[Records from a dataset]
※
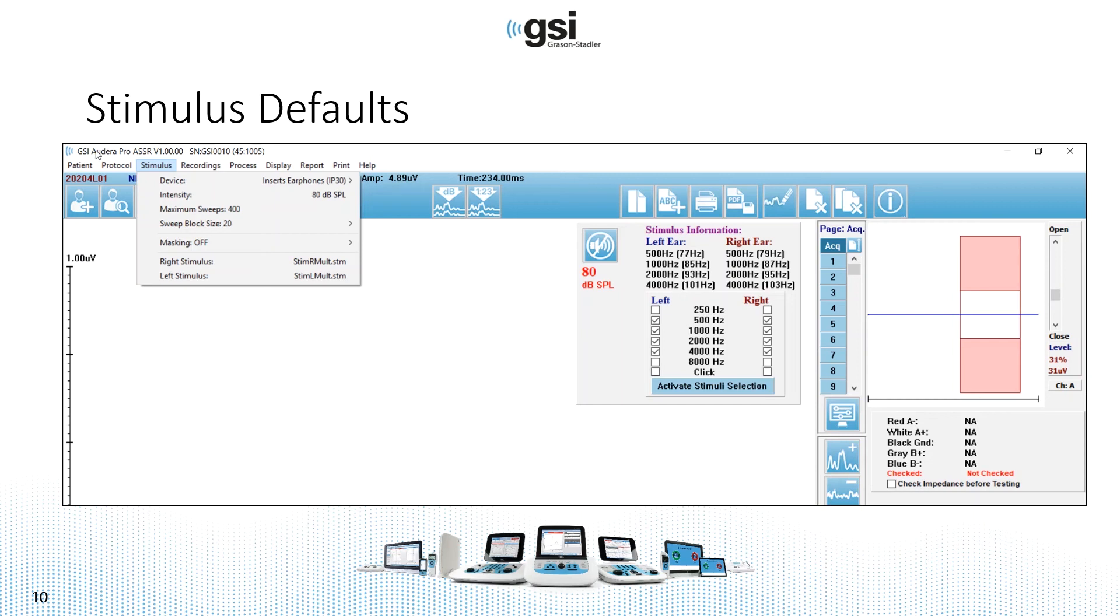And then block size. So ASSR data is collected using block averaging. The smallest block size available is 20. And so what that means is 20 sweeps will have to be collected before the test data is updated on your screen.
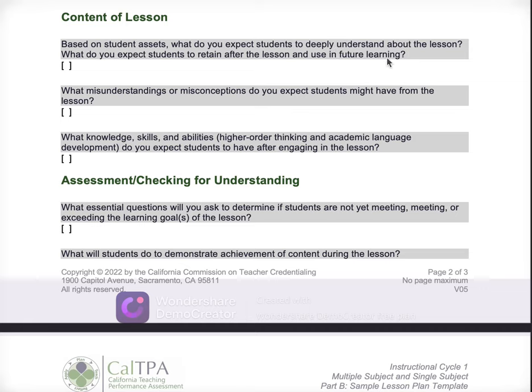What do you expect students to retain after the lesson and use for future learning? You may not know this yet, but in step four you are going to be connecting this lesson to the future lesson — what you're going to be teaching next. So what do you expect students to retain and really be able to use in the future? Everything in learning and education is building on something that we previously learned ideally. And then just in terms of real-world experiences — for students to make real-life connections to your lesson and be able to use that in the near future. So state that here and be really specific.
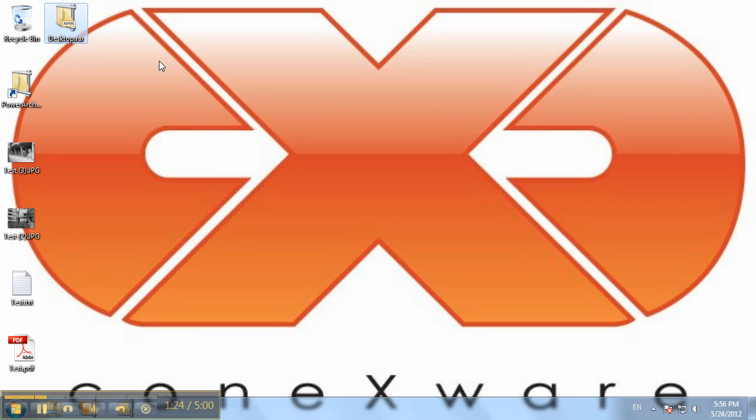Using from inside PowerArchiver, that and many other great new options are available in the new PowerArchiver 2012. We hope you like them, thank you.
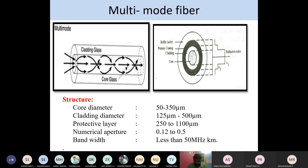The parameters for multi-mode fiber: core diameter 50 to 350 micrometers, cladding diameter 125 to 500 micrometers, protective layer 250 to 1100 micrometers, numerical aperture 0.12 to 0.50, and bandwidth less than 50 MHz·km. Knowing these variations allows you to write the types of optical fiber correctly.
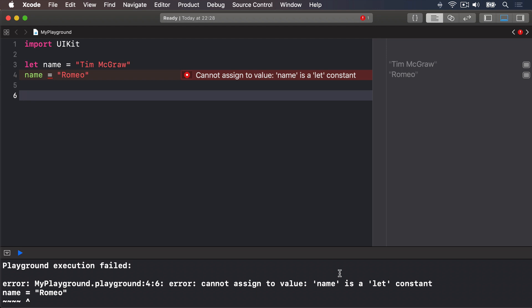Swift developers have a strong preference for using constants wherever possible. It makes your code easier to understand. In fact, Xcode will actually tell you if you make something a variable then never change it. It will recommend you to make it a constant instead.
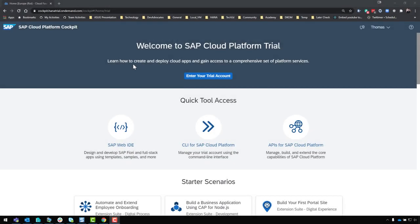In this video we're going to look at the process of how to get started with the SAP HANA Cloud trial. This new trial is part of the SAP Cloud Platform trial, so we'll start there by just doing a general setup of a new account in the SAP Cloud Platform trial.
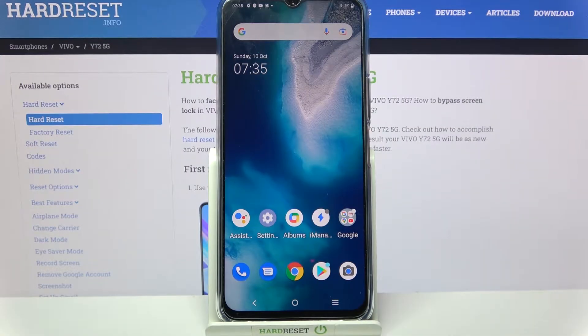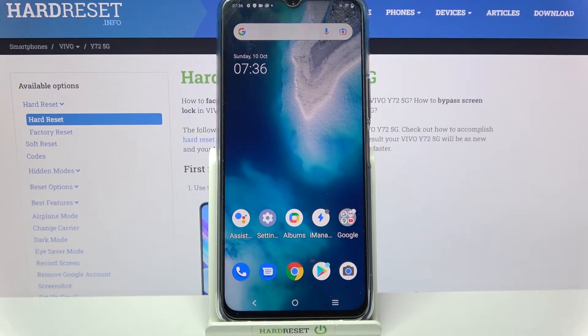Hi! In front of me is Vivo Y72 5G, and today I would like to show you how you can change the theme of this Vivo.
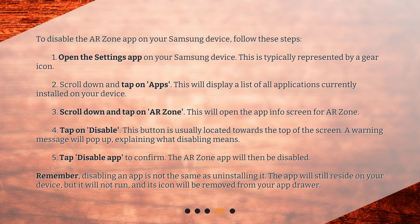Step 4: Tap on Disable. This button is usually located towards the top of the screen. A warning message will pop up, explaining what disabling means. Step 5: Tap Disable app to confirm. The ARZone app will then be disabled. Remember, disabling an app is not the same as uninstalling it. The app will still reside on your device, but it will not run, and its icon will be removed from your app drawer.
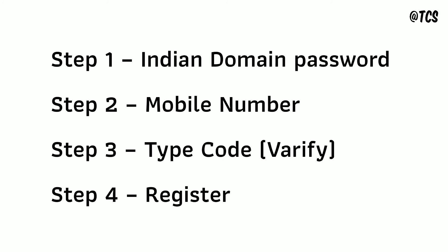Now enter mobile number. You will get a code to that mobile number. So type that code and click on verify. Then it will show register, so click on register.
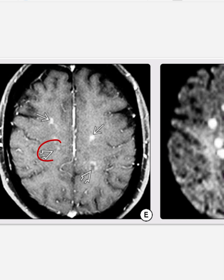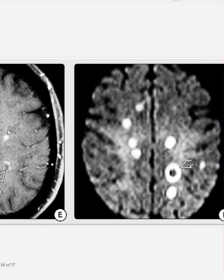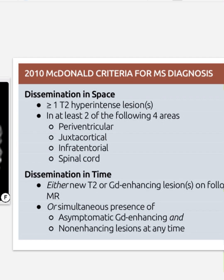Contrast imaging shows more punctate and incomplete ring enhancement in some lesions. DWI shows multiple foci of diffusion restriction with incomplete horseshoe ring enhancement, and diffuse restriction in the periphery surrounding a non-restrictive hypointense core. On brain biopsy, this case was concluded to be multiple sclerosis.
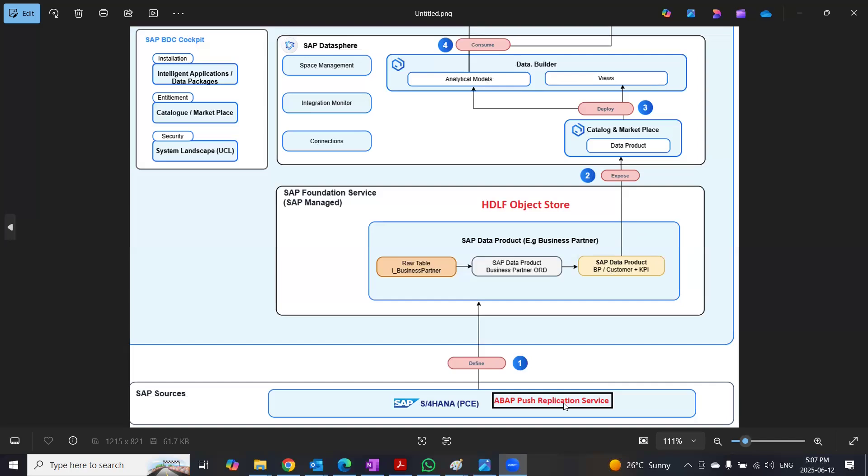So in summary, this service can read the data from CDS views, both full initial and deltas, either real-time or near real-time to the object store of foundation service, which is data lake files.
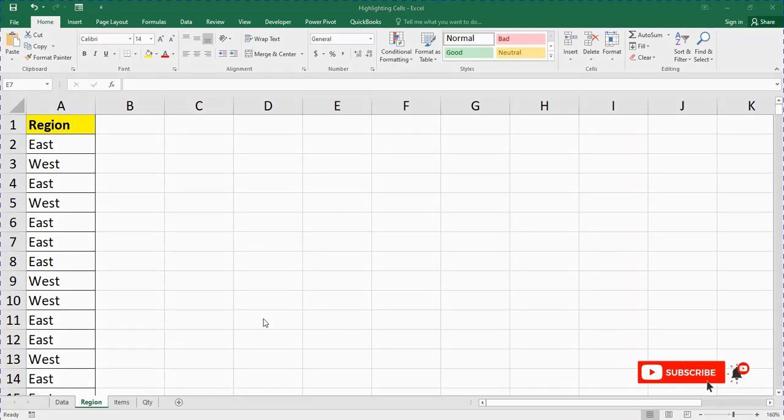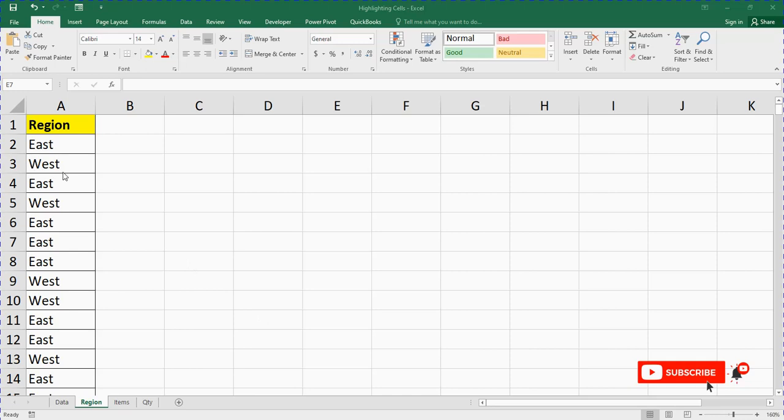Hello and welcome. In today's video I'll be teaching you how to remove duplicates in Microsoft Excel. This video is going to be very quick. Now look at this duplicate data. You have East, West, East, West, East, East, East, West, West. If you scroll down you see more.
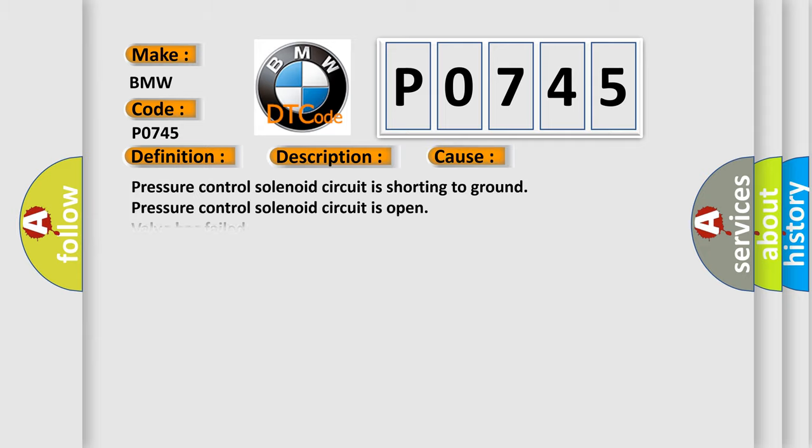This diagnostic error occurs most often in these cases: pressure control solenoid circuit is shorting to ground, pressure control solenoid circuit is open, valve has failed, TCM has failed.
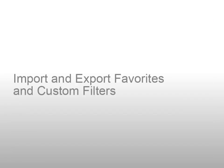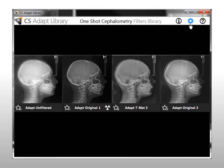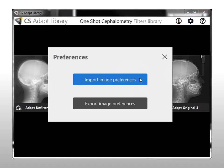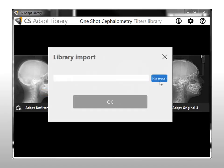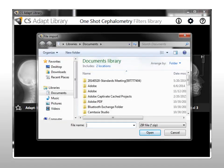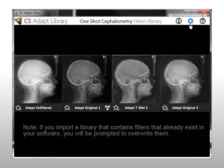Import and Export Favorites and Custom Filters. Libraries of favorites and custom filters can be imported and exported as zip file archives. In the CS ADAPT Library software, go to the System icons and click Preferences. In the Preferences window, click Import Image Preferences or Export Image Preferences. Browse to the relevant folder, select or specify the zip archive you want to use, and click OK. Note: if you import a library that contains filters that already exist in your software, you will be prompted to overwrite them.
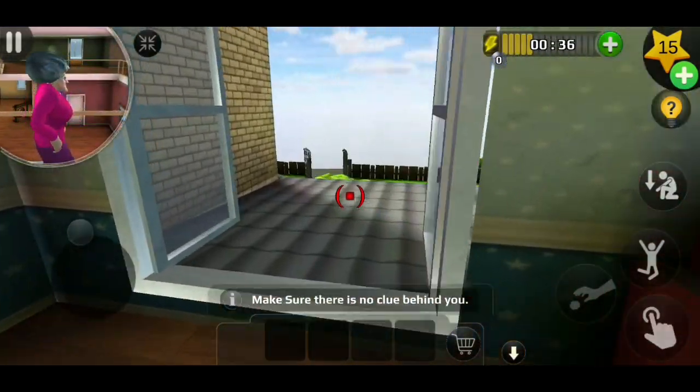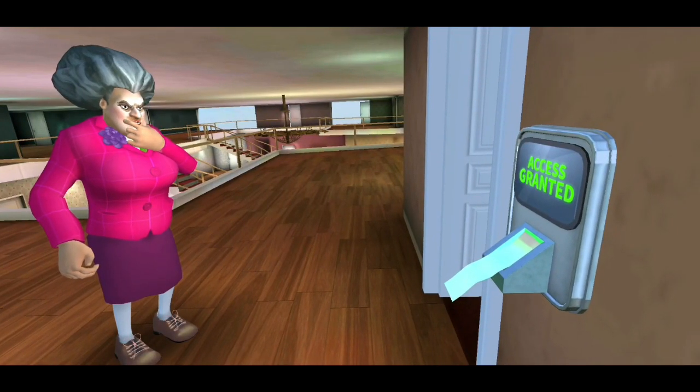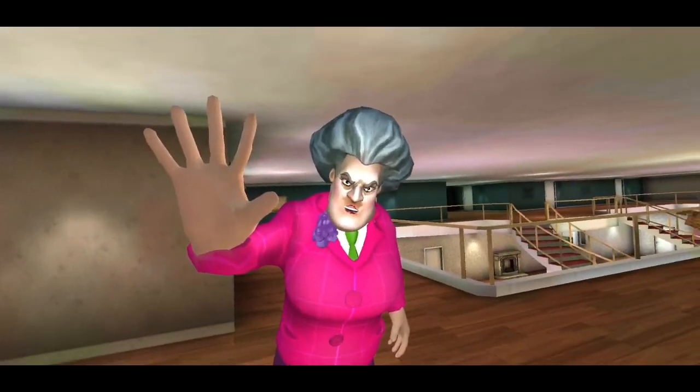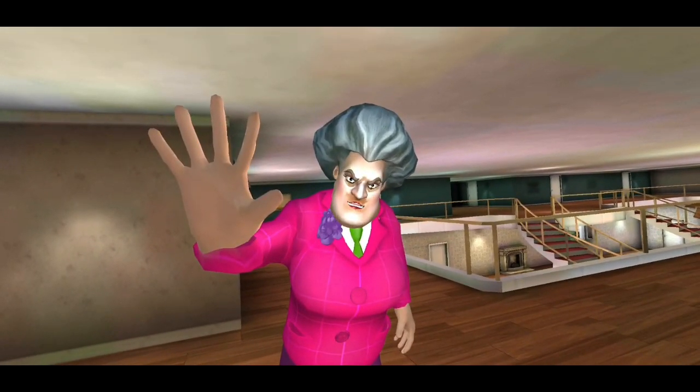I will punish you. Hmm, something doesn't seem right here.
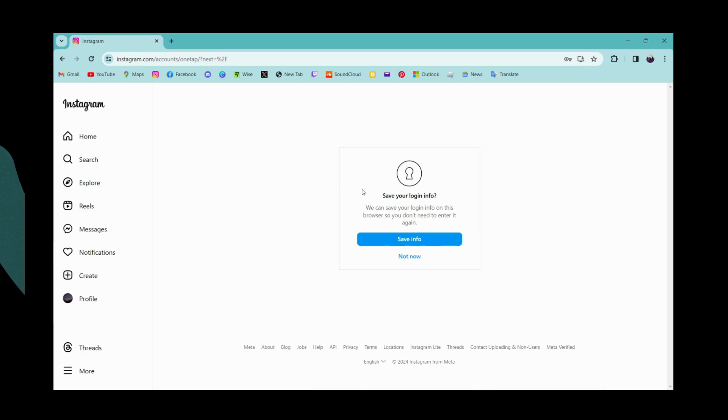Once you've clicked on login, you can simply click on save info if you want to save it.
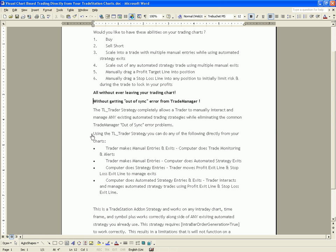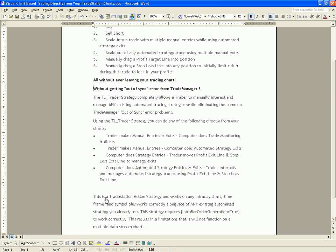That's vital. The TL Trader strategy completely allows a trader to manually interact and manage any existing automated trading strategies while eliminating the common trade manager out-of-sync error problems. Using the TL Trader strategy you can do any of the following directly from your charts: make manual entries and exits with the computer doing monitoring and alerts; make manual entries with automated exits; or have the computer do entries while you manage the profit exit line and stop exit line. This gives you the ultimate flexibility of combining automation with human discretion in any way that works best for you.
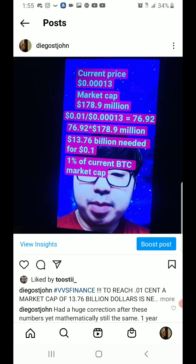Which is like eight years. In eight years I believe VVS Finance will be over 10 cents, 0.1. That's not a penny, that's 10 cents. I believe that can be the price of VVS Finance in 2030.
※
§ **WHAT IS BEING ASKED**: Return every record above exactly as written, but drop the pictures.

§ **EXPECTED ANSWER**:
And then block size. So ASSR data is collected using block averaging. The smallest block size available is 20. And so what that means is 20 sweeps will have to be collected before the test data is updated on your screen.
What do you expect students to retain after the lesson and use for future learning? You may not know this yet, but in step four you are going to be connecting this lesson to the future lesson — what you're going to be teaching next. So what do you expect students to retain and really be able to use in the future? Everything in learning and education is building on something that we previously learned ideally. And then just in terms of real-world experiences — for students to make real-life connections to your lesson and be able to use that in the near future. So state that here and be really specific.
Using from inside PowerArchiver, that and many other great new options are available in the new PowerArchiver 2012. We hope you like them, thank you.
The parameters for multi-mode fiber: core diameter 50 to 350 micrometers, cladding diameter 125 to 500 micrometers, protective layer 250 to 1100 micrometers, numerical aperture 0.12 to 0.50, and bandwidth less than 50 MHz·km. Knowing these variations allows you to write the types of optical fiber correctly.
Swift developers have a strong preference for using constants wherever possible. It makes your code easier to understand. In fact, Xcode will actually tell you if you make something a variable then never change it. It will recommend you to make it a constant instead.
In this video we're going to look at the process of how to get started with the SAP HANA Cloud trial. This new trial is part of the SAP Cloud Platform trial, so we'll start there by just doing a general setup of a new account in the SAP Cloud Platform trial.
Hi! In front of me is Vivo Y72 5G, and today I would like to show you how you can change the theme of this Vivo.
Step 4: Tap on Disable. This button is usually located towards the top of the screen. A warning message will pop up, explaining what disabling means. Step 5: Tap Disable app to confirm. The ARZone app will then be disabled. Remember, disabling an app is not the same as uninstalling it. The app will still reside on your device, but it will not run, and its icon will be removed from your app drawer.
Now enter mobile number. You will get a code to that mobile number. So type that code and click on verify. Then it will show register, so click on register.
Contrast imaging shows more punctate and incomplete ring enhancement in some lesions. DWI shows multiple foci of diffusion restriction with incomplete horseshoe ring enhancement, and diffuse restriction in the periphery surrounding a non-restrictive hypointense core. On brain biopsy, this case was concluded to be multiple sclerosis.
So in summary, this service can read the data from CDS views, both full initial and deltas, either real-time or near real-time to the object store of foundation service, which is data lake files.
Hello and welcome. In today's video I'll be teaching you how to remove duplicates in Microsoft Excel. This video is going to be very quick. Now look at this duplicate data. You have East, West, East, West, East, East, East, West, West. If you scroll down you see more.
This diagnostic error occurs most often in these cases: pressure control solenoid circuit is shorting to ground, pressure control solenoid circuit is open, valve has failed, TCM has failed.
Import and Export Favorites and Custom Filters. Libraries of favorites and custom filters can be imported and exported as zip file archives. In the CS ADAPT Library software, go to the System icons and click Preferences. In the Preferences window, click Import Image Preferences or Export Image Preferences. Browse to the relevant folder, select or specify the zip archive you want to use, and click OK. Note: if you import a library that contains filters that already exist in your software, you will be prompted to overwrite them.
I will punish you. Hmm, something doesn't seem right here.
Once you've clicked on login, you can simply click on save info if you want to save it.
That's vital. The TL Trader strategy completely allows a trader to manually interact and manage any existing automated trading strategies while eliminating the common trade manager out-of-sync error problems. Using the TL Trader strategy you can do any of the following directly from your charts: make manual entries and exits with the computer doing monitoring and alerts; make manual entries with automated exits; or have the computer do entries while you manage the profit exit line and stop exit line. This gives you the ultimate flexibility of combining automation with human discretion in any way that works best for you.
Which is like eight years. In eight years I believe VVS Finance will be over 10 cents, 0.1. That's not a penny, that's 10 cents. I believe that can be the price of VVS Finance in 2030.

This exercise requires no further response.